WORK INSTRUCTION: All lines from the one holding "Emsan EMS 600/1427" to the end of the listing are to be output exactly, both ends included, with any pictures left out.

EXCERPTED DATA:
************
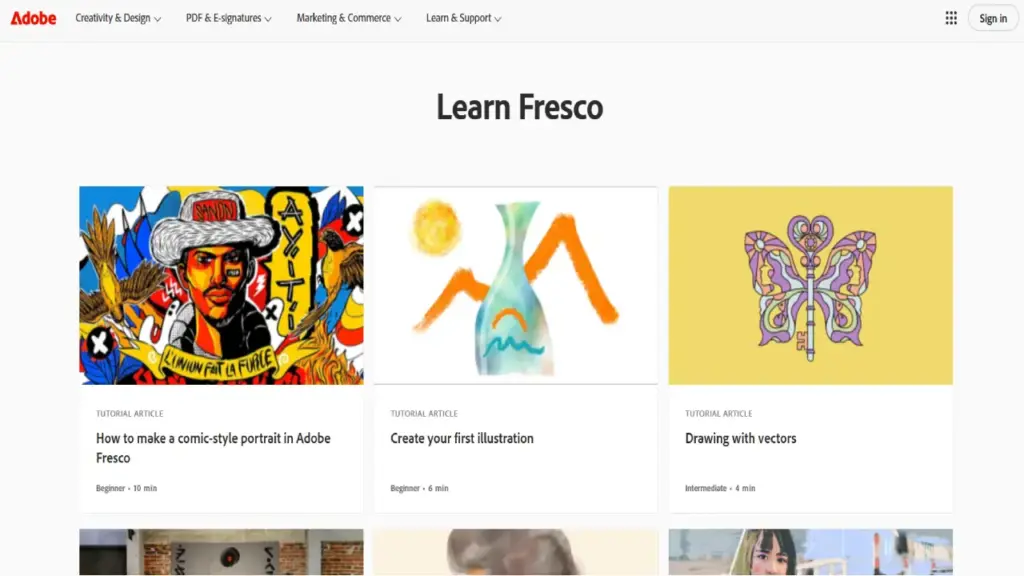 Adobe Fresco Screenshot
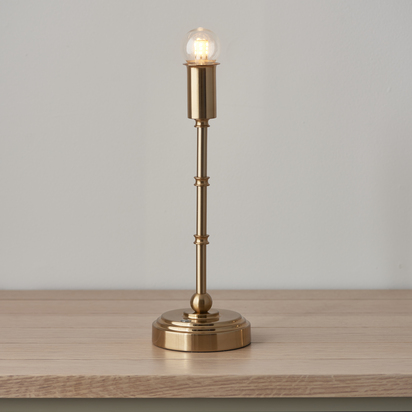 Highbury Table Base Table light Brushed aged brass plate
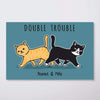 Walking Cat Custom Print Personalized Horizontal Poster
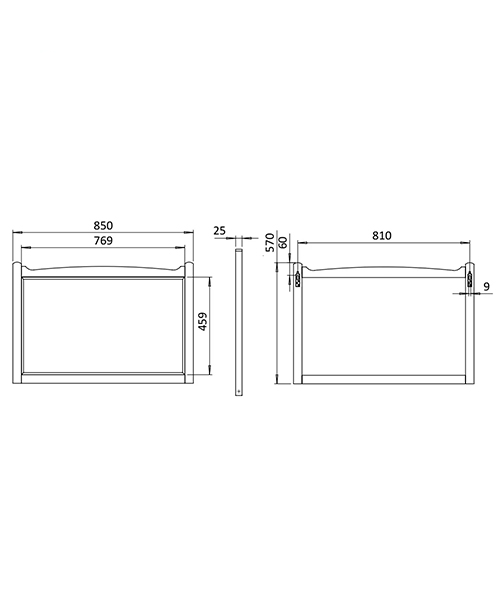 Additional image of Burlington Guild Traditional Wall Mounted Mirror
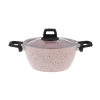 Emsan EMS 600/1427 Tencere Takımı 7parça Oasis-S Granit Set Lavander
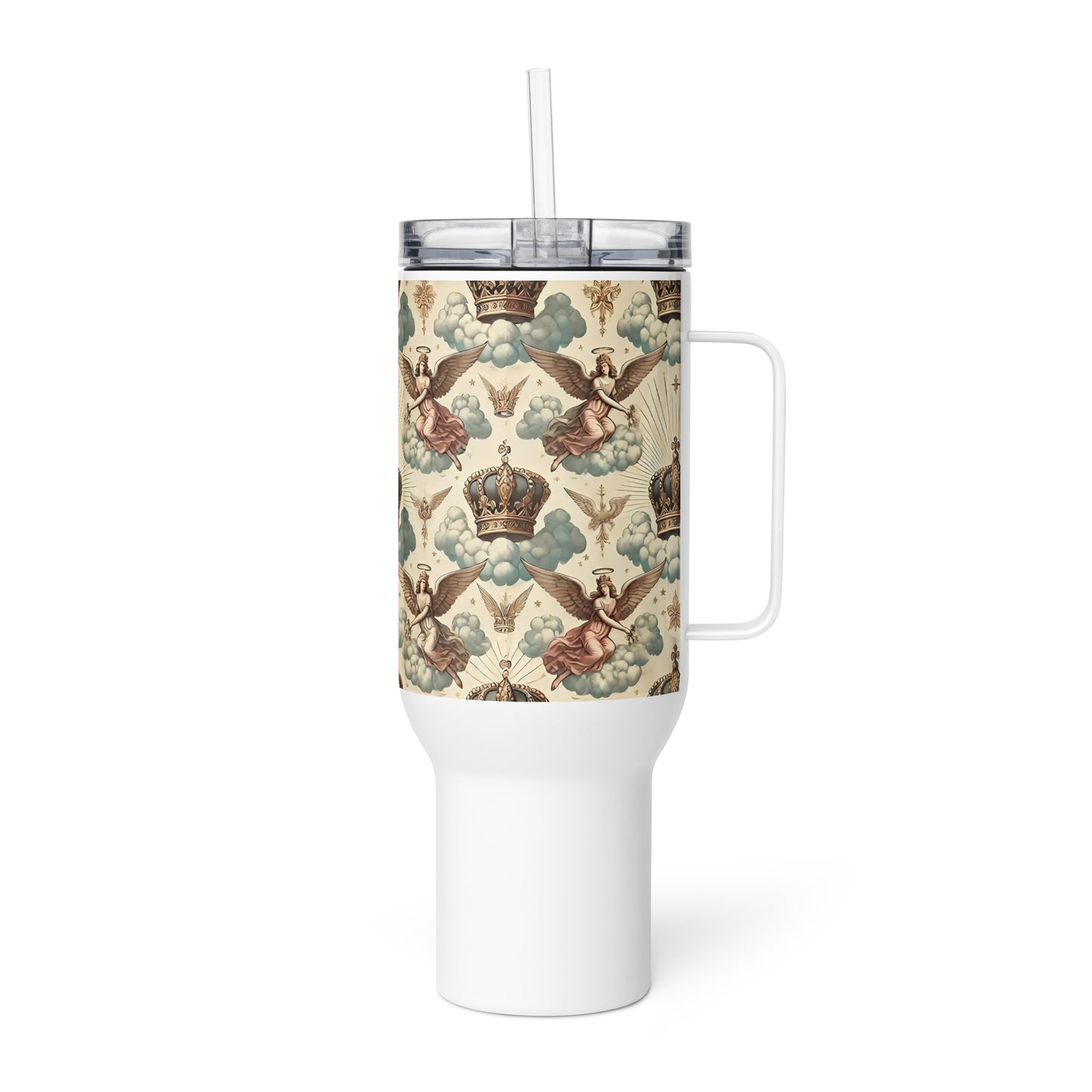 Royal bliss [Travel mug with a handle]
************
EXERCISE OUTPUT:
 Emsan EMS 600/1427 Tencere Takımı 7parça Oasis-S Granit Set Lavander
 Royal bliss [Travel mug with a handle]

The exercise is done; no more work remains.